Meeting human needs is a priority value expressed by our community through the Focus Maui Nui process, and in the case of Brian Moto, this applies to helping the victims of the recent Japan disasters as well as those in need on Maui. Moto, volunteer Board President of Maui Fukushima Kenjin Kai, the local association of descendants of Fukushima prefecture—devastated by recent events—is working with numerous other groups across the State to raise funds for direct relief efforts.
Closer to home, Moto, formerly the chief legal adviser to the County of Maui, provides pro bono legal work for Volunteer Legal Services Hawaii. The agency counsels low-income individuals and families at neighborhood clinics, providing legal advice to those who could otherwise not afford it on issues such as tenant and consumer rights, contract disputes, and collections. Moto is also an active board member for the Friends of the Children’s Justice Center, which helps neglected and abused children and their families. “My voluntary work is personally very rewarding,” observes Moto. “I am sure I get much more out of working for those in most need than the agencies I serve,” he adds modestly.

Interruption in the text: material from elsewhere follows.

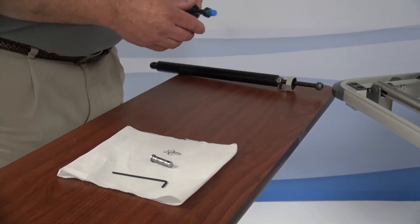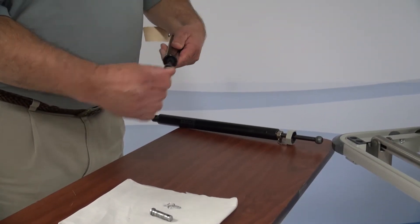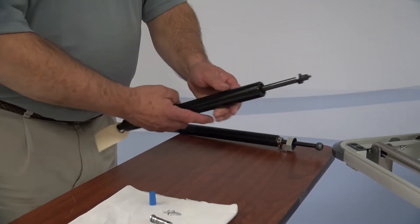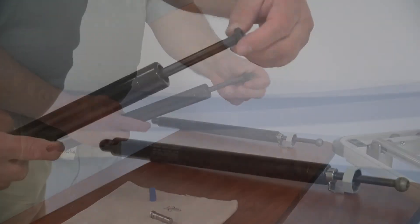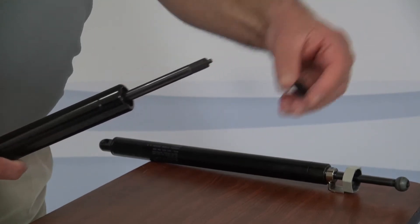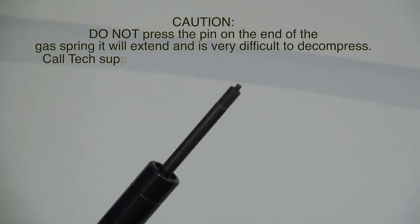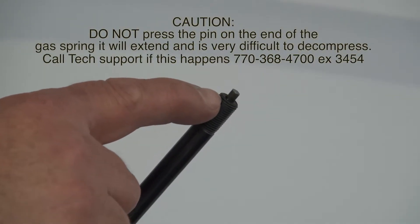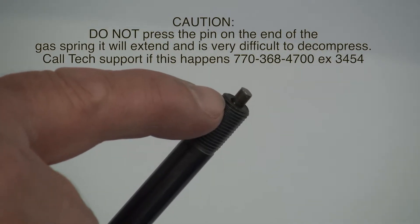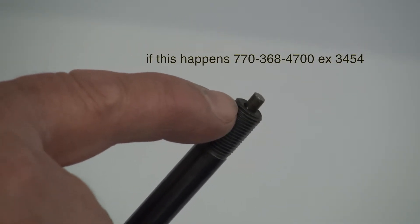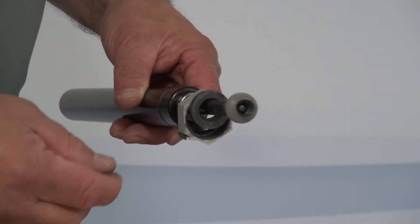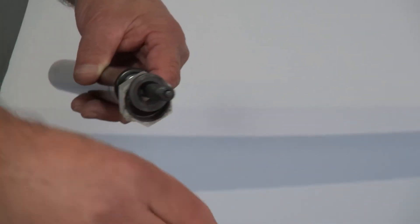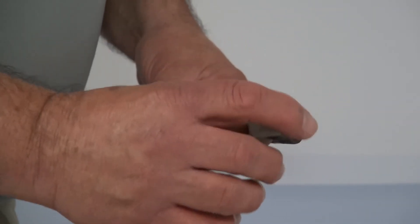Take the new gas spring and remove the blue cap. Next, unscrew the nut on the gas spring and discard. Remove the parts on the old gas spring to reinstall on the new one. Replace these parts in the same order as you took them off.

In February, Moto became Special Assistant to the Chancellor of University Hawaii Maui College, but the change in appointment has not affected Moto’s dedication to volunteering in the community. Among several other commitments, Moto is a Eucharistic Minister at St. John’s Episcopal Church in Kula, having studied at Yale Divinity School after gaining a law degree. “That experience put everything in a larger perspective for me, especially the importance of giving to others and finding meaning in one’s life and work,” says Moto. “The most important aspect of volunteering my time is to help those who are least able to speak for themselves or get the help they need.”